Alyssa observed several of her friends on Instagram take the challenge when restaurants had just reopened.
"So it felt like a great time, when everything's about to shut down again, to do it ourselves," Alyssa said.
Alyssa turned to her 146,000 followers on Instagram and posted the Venmo account at 8:30 a.m. Friday, Nov. 20.
The couple expected to get a couple hundred dollars. They got $3,800.
"In an hour, we'd raised around $1,000 from people all over the country," Alyssa said. "There were all these people who wanted to be part of something good. That was incredibly encouraging to see."
More than 250 people donated anywhere from $1 to $50 each. The Greenes decided to add in $200 of their own money to make it an even $4,000.

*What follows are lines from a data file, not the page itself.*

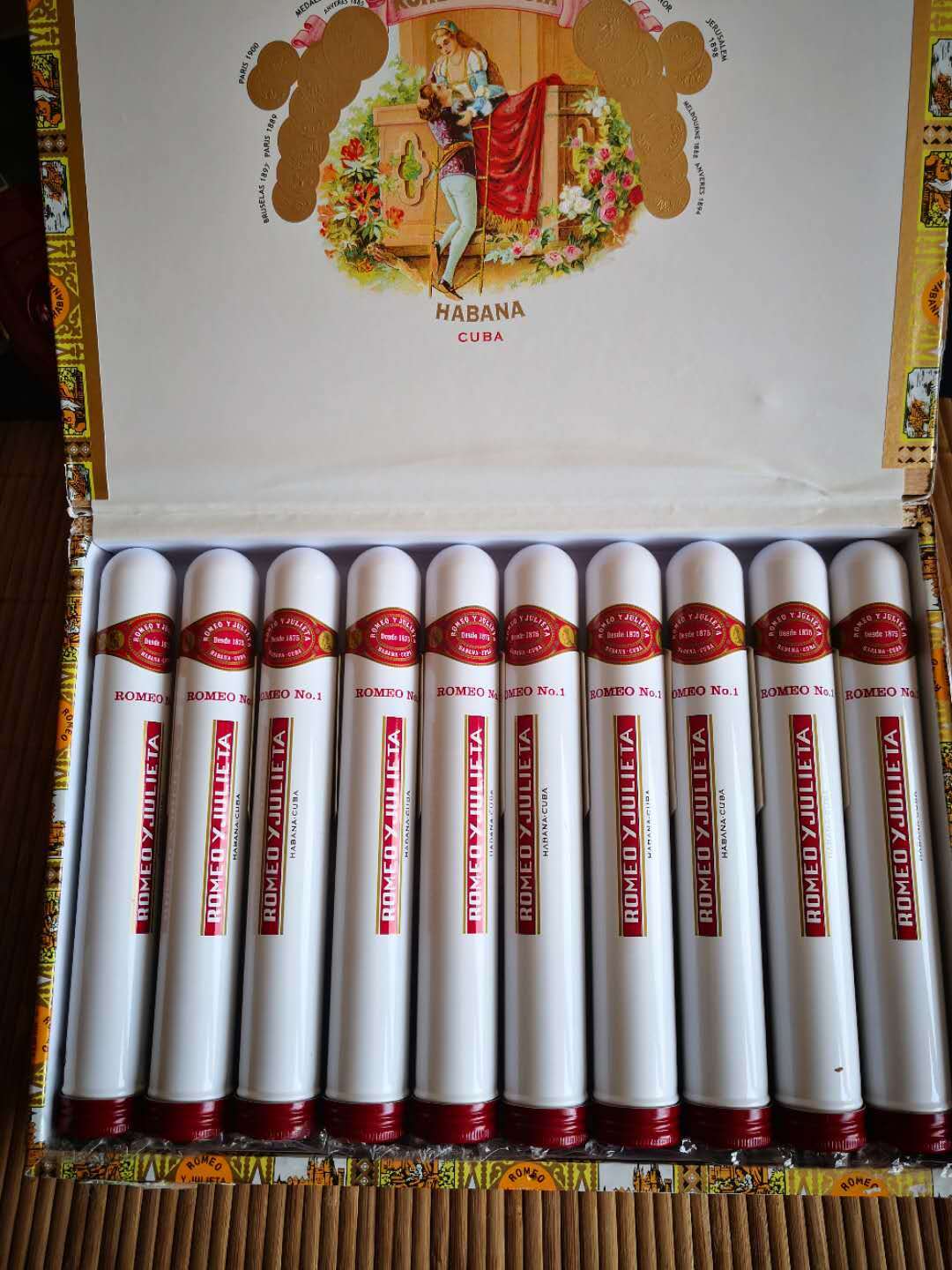 罗密欧 * 朱丽叶 1号 romeo y julieta romeo no.1__凤凰网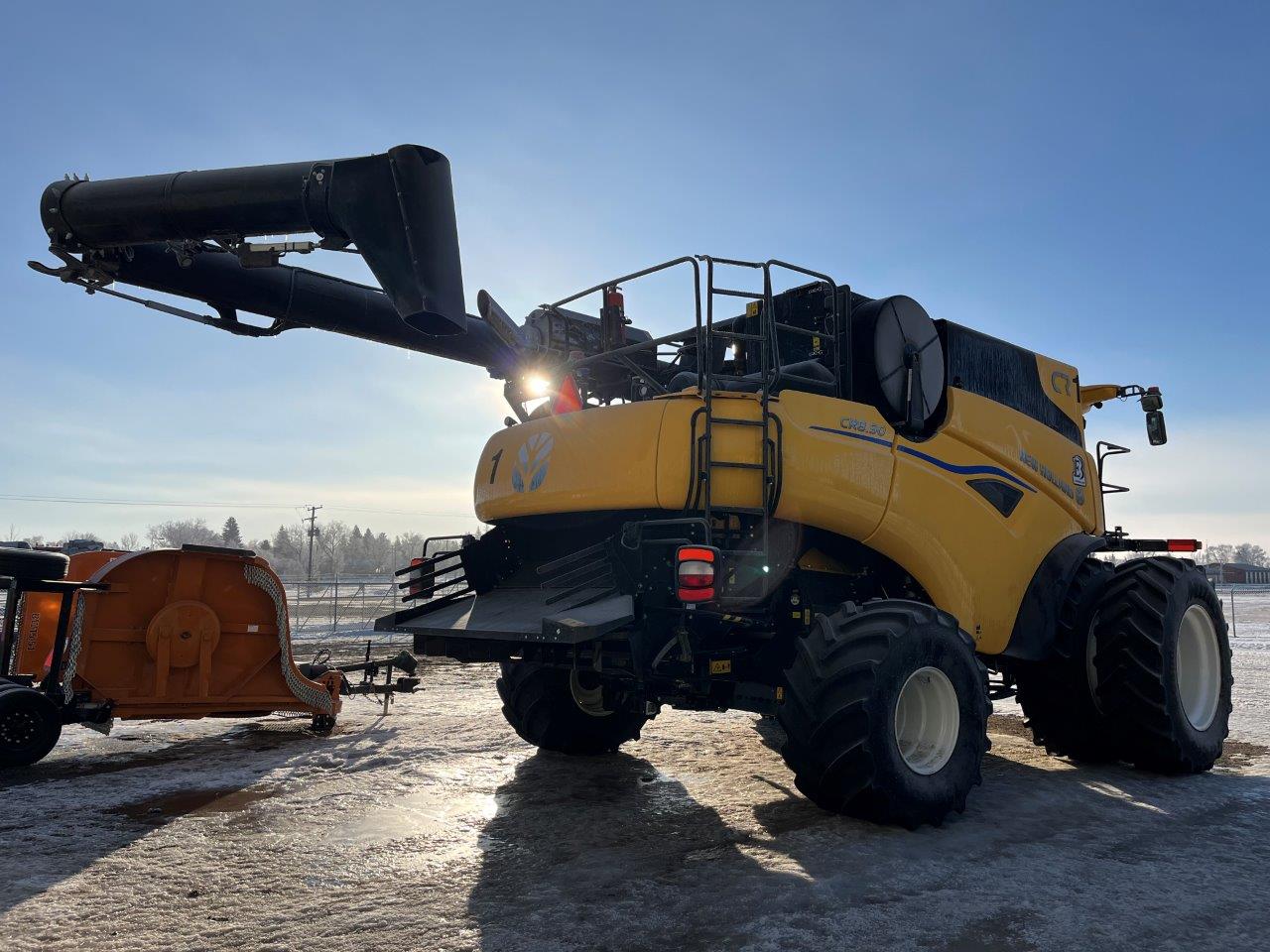 2025 New Holland CR8.90 Combine
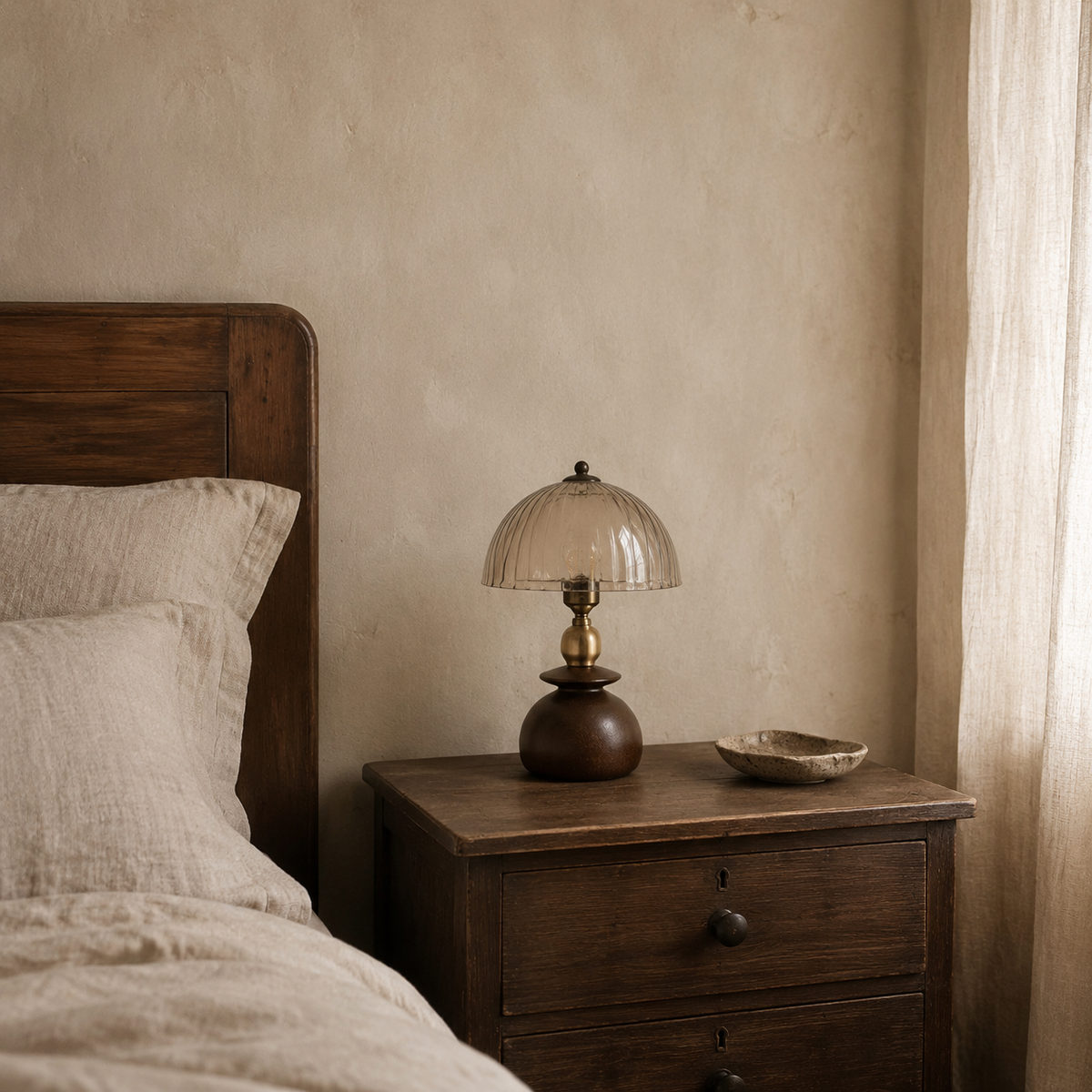 Sable Smoke-Glass Dome Table Lamp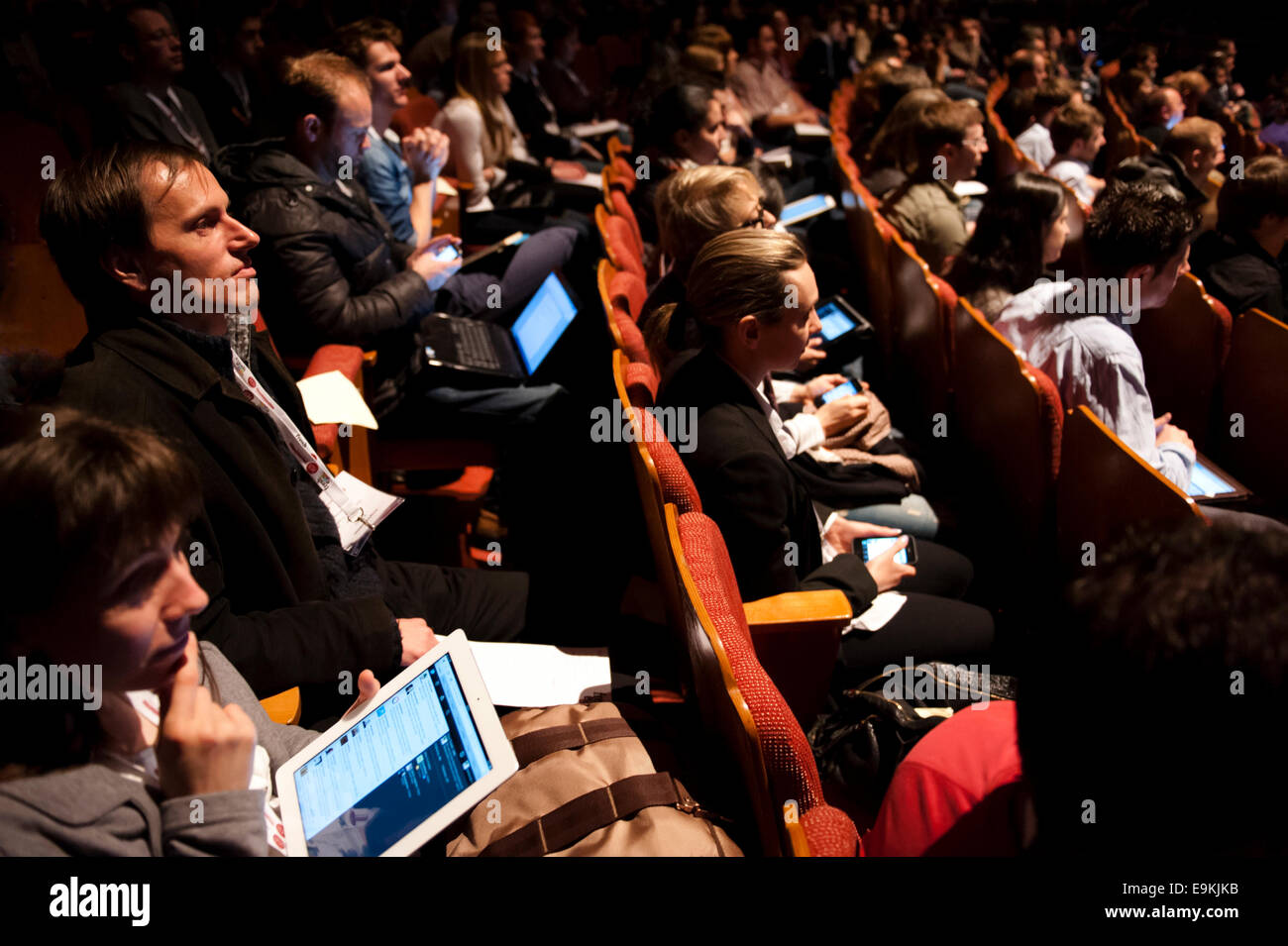 Les personnes travaillant à Brighton SEO conférence dans le dome de Brighton sur leurs appareils. Banque D'Images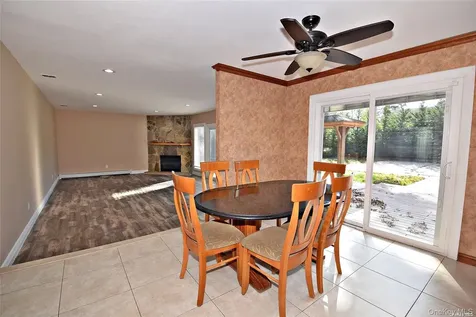27 Jill Drive Commack NY 11725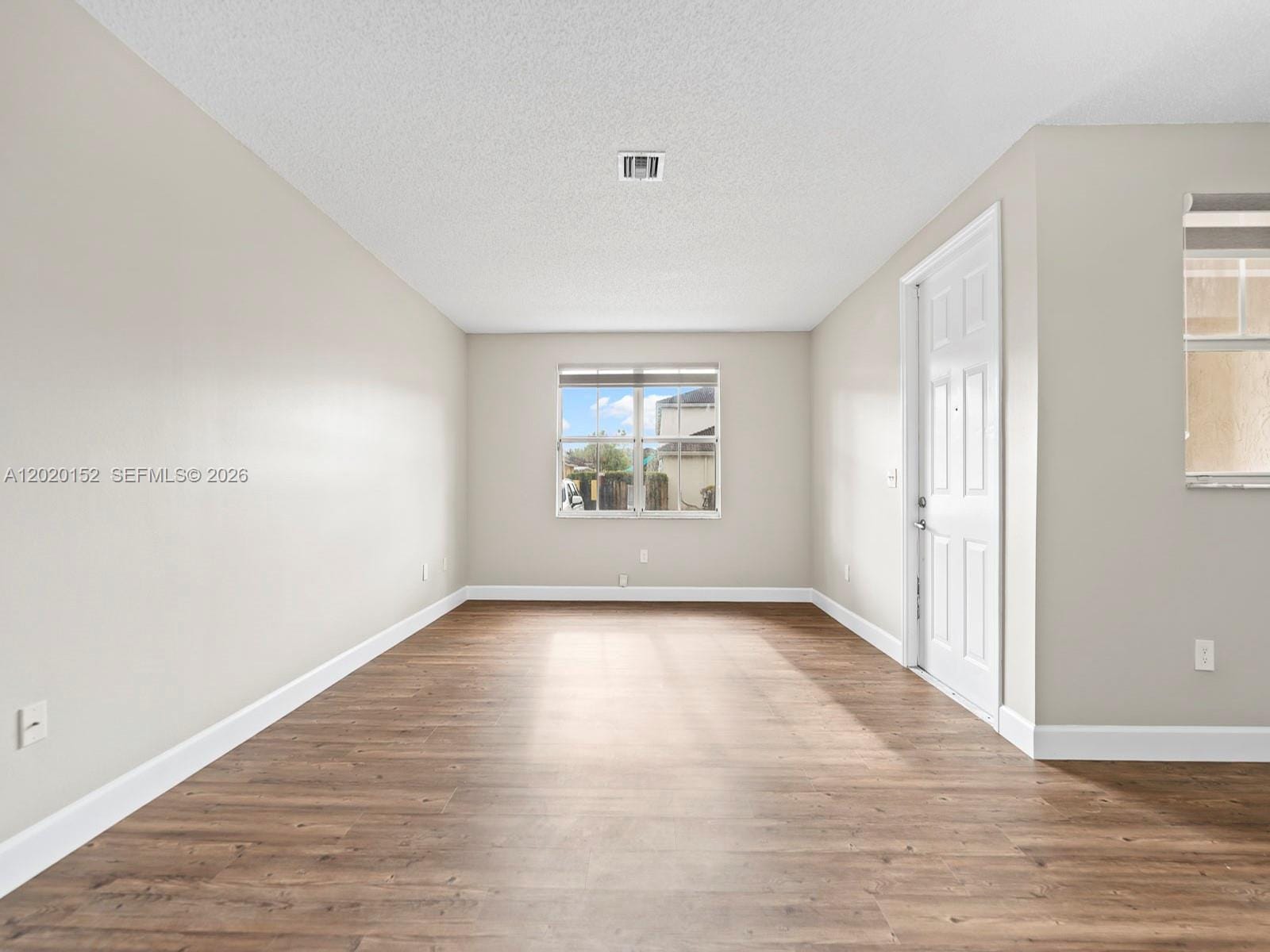 1049 NE 42nd Place, Homestead, FL 33033 photo 11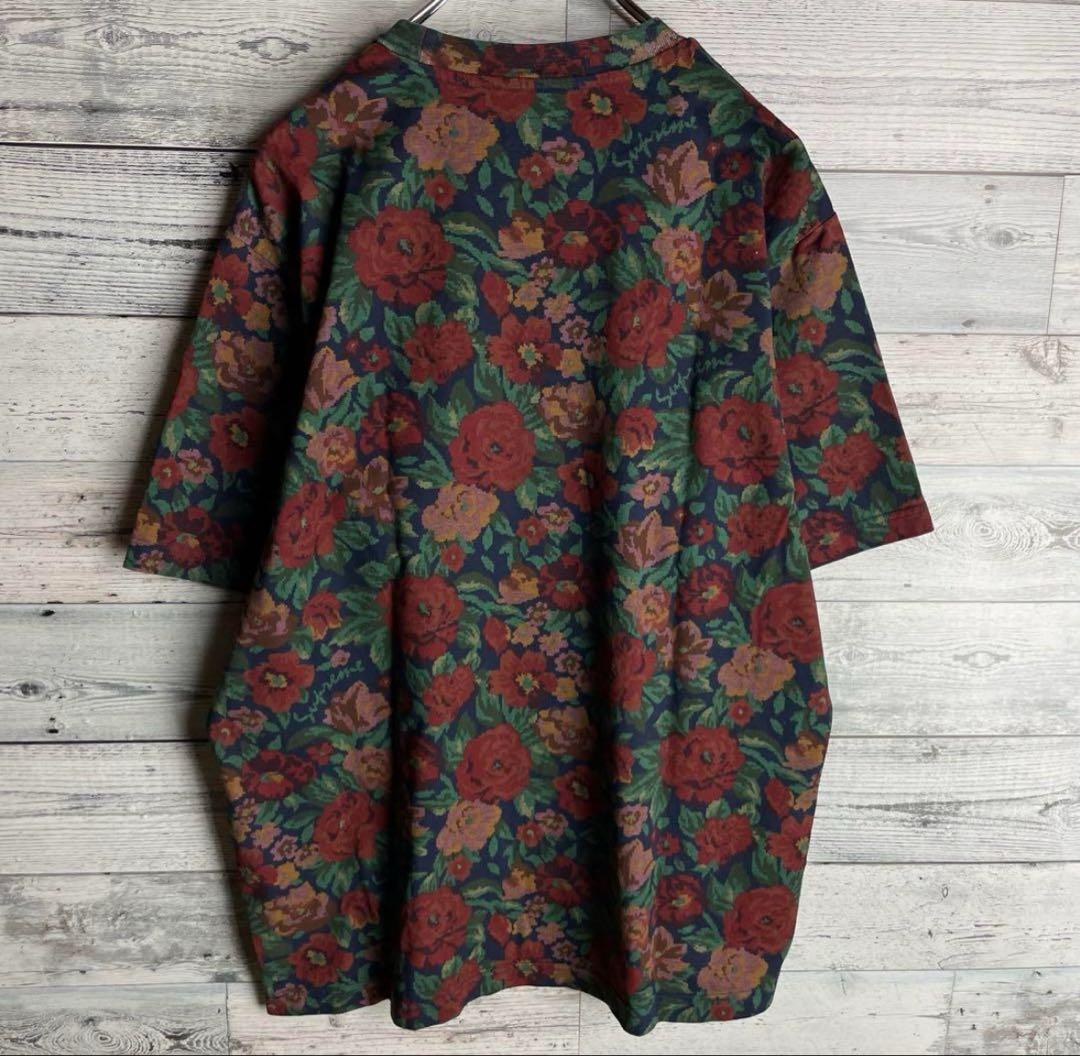 【美品　希少デザイン】シュプリーム☆総柄入りスモールボックスロゴ入りTシャツ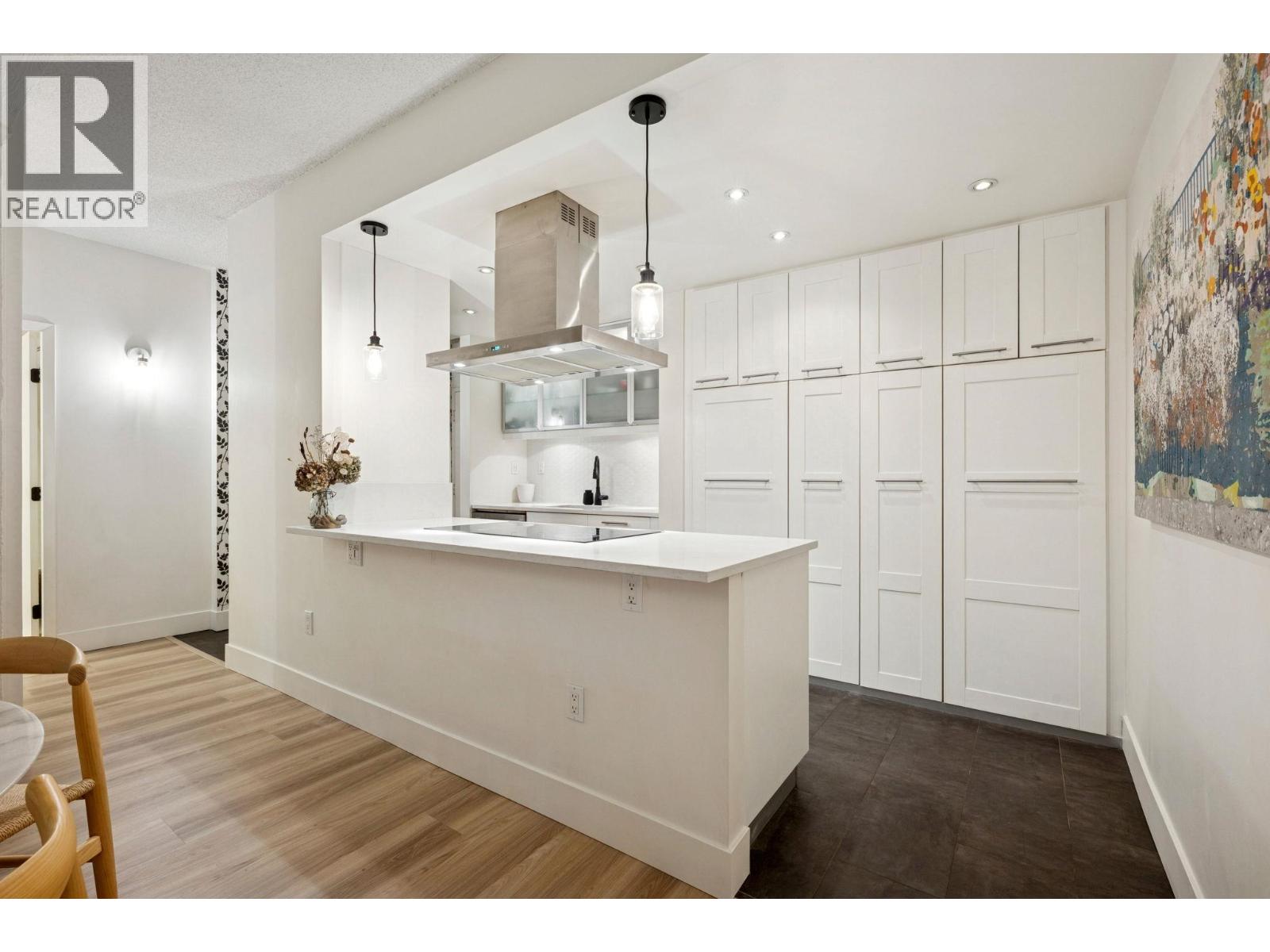 304 1535 Nelson Street, Vancouver, British Columbia  V6G 1M2 - Photo 10 - R3088040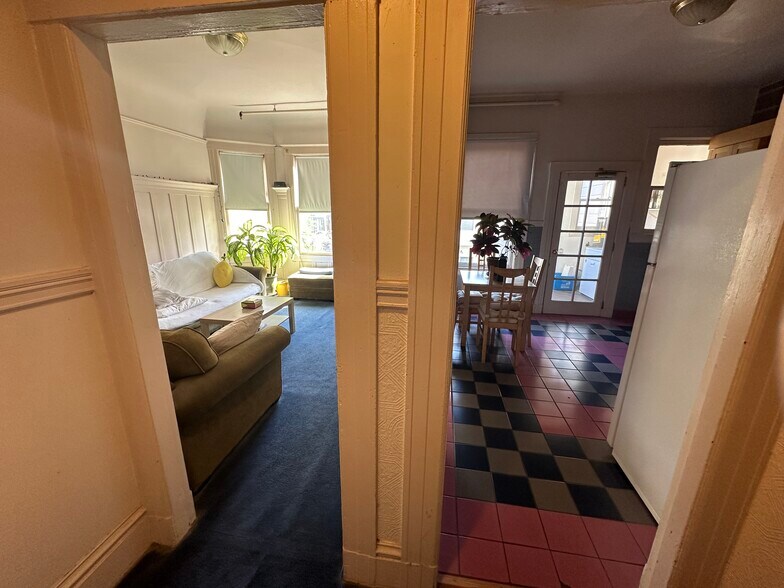 More Photos Of 24-28 Rausch St, San Francisco Apartments For Sale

Before heading to the restaurant, Alyssa withdrew the money in cash from US Bank.
"It was really nerve-wracking. I was nervous that I'd hit my withdrawal limit and not be able to get it all. But it all worked out and we headed to the restaurant," she said.
After dinner, Alyssa turned to their server and counted out $1,500 in cash as a tip, as can be viewed in her Instagram video.
"It felt amazing. I think the coolest thing was that the server couldn’t believe how that many strangers had banded together and wanted to give a little bit of help," Alyssa said. "He said this is rent money.
"That’s mind-blowing — how much money it actually was," she said.
Va Bene co-owner Luke Schmitz, the manager on duty at the time, said it felt unreal when the server told him what had happened.
"He walked past me and said, 'I can’t even believe what just happened,' and he walked past me abruptly. And I was like, 'What do you mean? Did something happen, do you need me to go do anything?" Schmitz said. "He said he'd got a huge tip, I asked, 'How much?' and he held out all these hundreds. I was like, 'Is this real?'"
In between taking to-go orders, Schmitz walked over and visited with the couple. After tipping the other server on duty Friday, the couple gave Schmitz the remaining $1,700 and told him to split it as he saw fit.
"So we were able to spread it evenly around to the rest of our staff, as a nice Christmas bonus," Schmitz said. "It's incredibly nice at this time when some of them won't be able to work. It'll be nice for them to have some cash that they weren't expecting to have."
Schmitz said they'd received some generous tips at Va Bene in the past. Sometimes a patron will match the check amount with the tip or leave a $100 bill and tell the server to split it with those working.
"But never like this. The whole idea is amazing," Schmitz said. "It's something you only ever hear about happening in other places or online. It's never something you think will happen inside your building."
Schmitz said he hopes the story of the tip will inspire others to keep tips in mind when ordering food during the shutdown.
"We're going through a rough time, with these financial burdens coming during the winter when it's already a slower time," Schmitz said. "The community has been wonderful and we hope it continues through this time."